● Work instructions
Give back the lines below exactly, but do not include any pictures.

● Source data
Start of Block

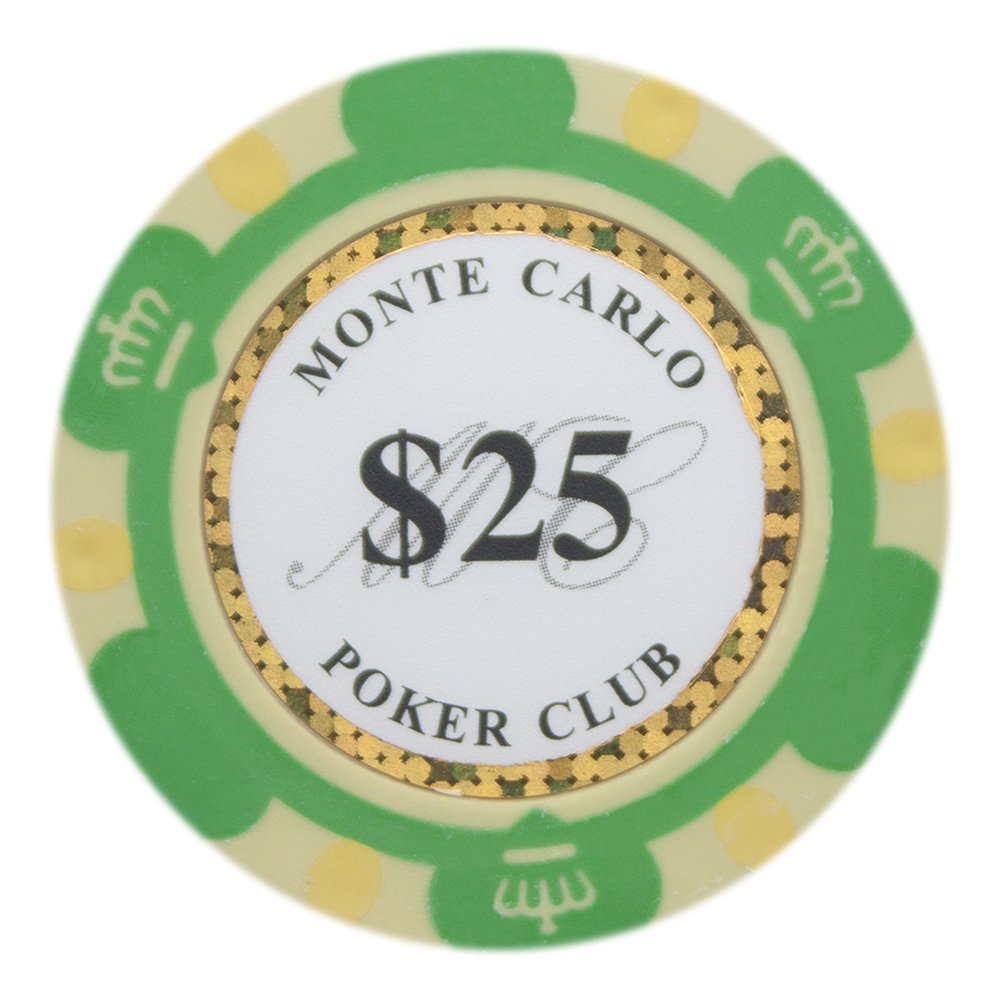 Brybelly Monte Carlo Premium Poker Chips Heavyweight 14-Gram Clay Composite - Pack of 50 $25 Green - BeesActive Australia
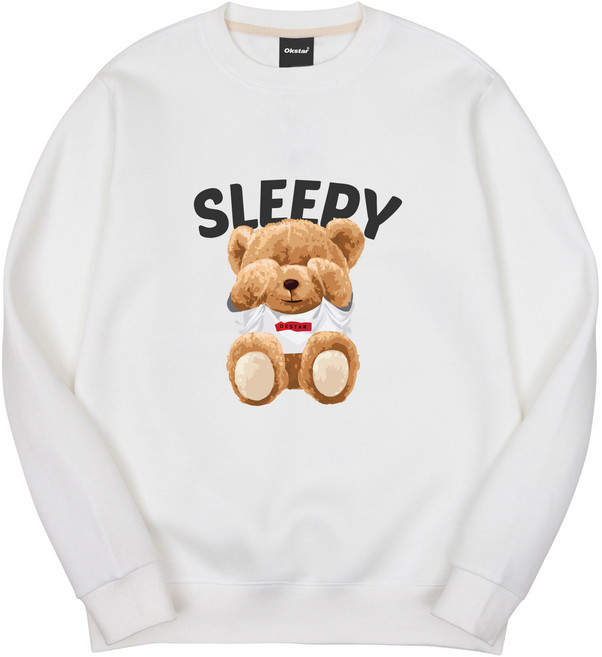 옥스타 남녀공용 슬리피 곰돌이 특양면 맨투맨 1SSP020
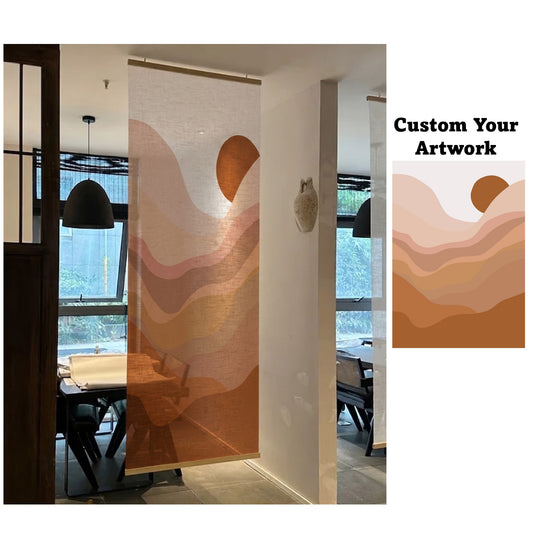 Custom Print Your Artwork Room Divider Doorway Curtain, Entryway Privacy Panel, Shop Partition Screen
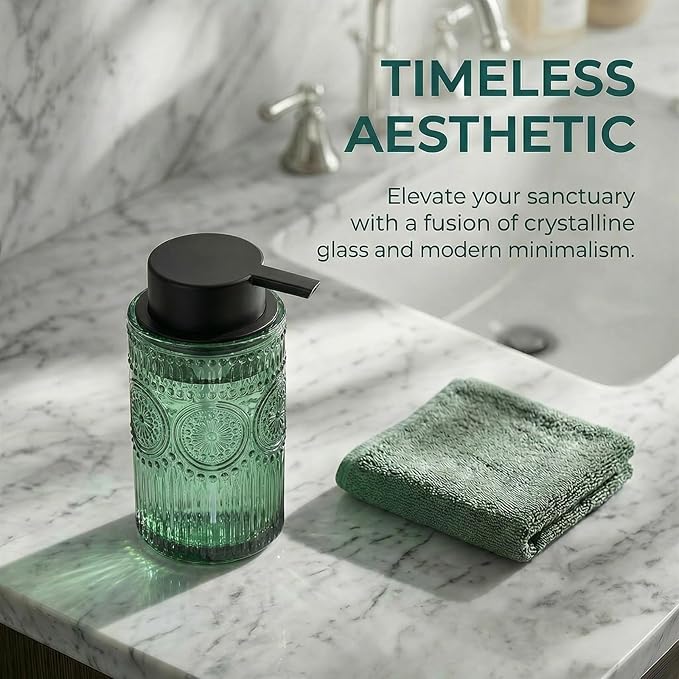 Green Glass Foaming Hand Soap Dispenser with Matte Black Pump Decorative Thick Embossed Bottle Refillable for Bathroom and Kitchen 12 fl oz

End of Block

● Task response
 Brybelly Monte Carlo Premium Poker Chips Heavyweight 14-Gram Clay Composite - Pack of 50 $25 Green - BeesActive Australia
 옥스타 남녀공용 슬리피 곰돌이 특양면 맨투맨 1SSP020
 Custom Print Your Artwork Room Divider Doorway Curtain, Entryway Privacy Panel, Shop Partition Screen
 Green Glass Foaming Hand Soap Dispenser with Matte Black Pump Decorative Thick Embossed Bottle Refillable for Bathroom and Kitchen 12 fl oz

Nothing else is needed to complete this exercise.